The vessels put to sea on time, stopping at Charleston to pick up the new Seabee recruits. They loaded an extra 2,000 tons’ worth of gear that had arrived late in Rhode Island and been trucked south by a 400-vehicle convoy. The freighters then steamed on to Bora Bora, conducting an impromptu welding school along the voyage. Bobcat was complete in August 1942 according to Willard Triest. He estimated that Shorty Duddleston went on to build eight to ten more fuel bases around the Pacific during the war.

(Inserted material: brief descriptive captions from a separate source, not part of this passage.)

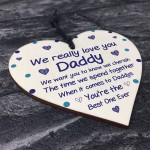 Fathers Day Gifts For Dad Daddy Birthday Gift Present Wood Heart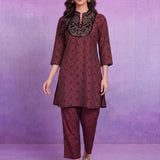 Mahira Maroon Printed Co-ord Set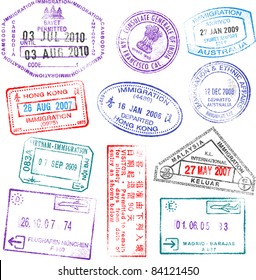 A collection of highly detailed passport stamps, all inspired from real passport stamps, but completely created using Illustrator Software.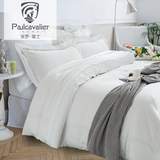 保罗骑士 韩式白色四件套 床上用品纯棉纯色床单简约欧式蕾丝公主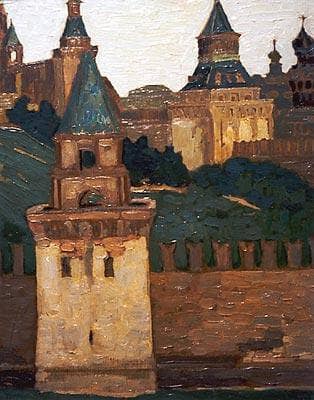 Moscow. View of Kremlin from Zamoskvorechie. by Nicholas Roerich — hand-painted architectural oil painting reproduction on canvas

Ralph Waldo Emerson would applaud stories such as Operation Bobcat for enriching our view of U.S. maritime history. But there’s more to the saga of Bobcat than human interest, or even an awesome—and hurried—feat of engineering. Naval leaders are again talking about using Pacific islands as strategic implements, touting concepts such as “Expeditionary Advanced Base Operations” and “Littoral Operations in a Contested Environment.” Operation Bobcat serves as a reminder that there’s more to strategy and operations than combatant ships and planes doing battle with hostile forces. Neglect of support arms such as the Seabees, the combat-logistics fleet, or the U.S. Merchant Marine could cost the United States dearly during a new Pacific war.

It’s hard to amass combat power when it’s needed, where it’s needed, without robust auxiliaries. It’s also hard to regenerate combat power after taking a blow in action. Such a contestant is brittle.

And Bobcat is a reminder that every forward naval or military base need not be an elaborate affair like a Yokosuka or Sasebo, home to the U.S. Seventh Fleet. Dispersing infrastructure among many smaller-scale bases bolsters resiliency—helping the fleet ride out an assault on major installations and fight on. Which in the end is what it’s all about.

And lastly, the episode is a parable on the virtues of flexibility and entrepreneurship. Most rules and regulations can be bent or broken in times of need. If so, they may not be serving much purpose. It should not take an Ernie King to intercede with the navy apparatus to assure that what needs to be done gets done. The less bureaucratic the U.S. Navy and Marine Corps make themselves, the better.

Let’s clear away bureaucratic underbrush—and recapture the spirit of the Pacific War.

James Holmes is J. C. Wylie Chair of Maritime Strategy at the Naval War College and coauthor of Red Star over the Pacific, which appears on the U.S. Navy and Marine Corps Professional Reading Lists. The views voiced here are his alone.